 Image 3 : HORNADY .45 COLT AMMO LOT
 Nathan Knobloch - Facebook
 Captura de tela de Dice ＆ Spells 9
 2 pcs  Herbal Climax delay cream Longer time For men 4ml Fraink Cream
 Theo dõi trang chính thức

☆ ☆ ☆ ☆

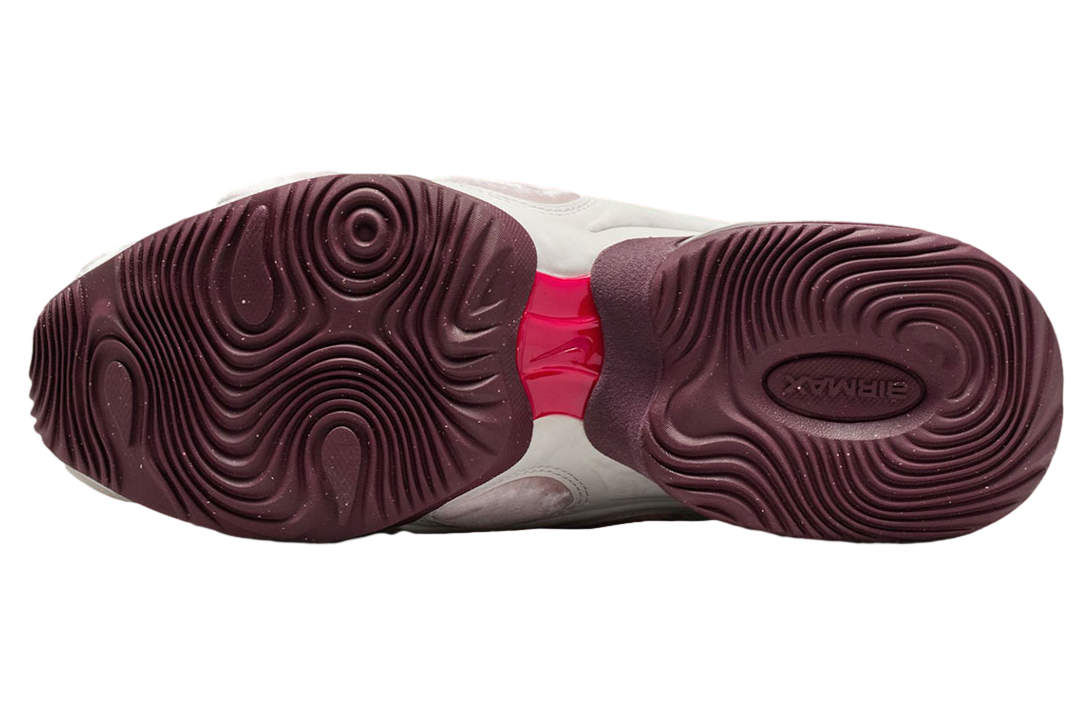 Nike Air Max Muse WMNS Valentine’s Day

☆ ☆ ☆ ☆

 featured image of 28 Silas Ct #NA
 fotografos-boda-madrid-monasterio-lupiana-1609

☆ ☆ ☆ ☆

What you are asked to do:
Output, from the data above, the lines from the line with "Image 3 : HORNADY .45 COLT AMMO LOT" to the line with "Theo dõi trang chính thức" exactly as they stand, both ends included and nothing else.

Expected answer:
 Image 3 : HORNADY .45 COLT AMMO LOT
 Nathan Knobloch - Facebook
 Captura de tela de Dice ＆ Spells 9
 2 pcs  Herbal Climax delay cream Longer time For men 4ml Fraink Cream
 Theo dõi trang chính thức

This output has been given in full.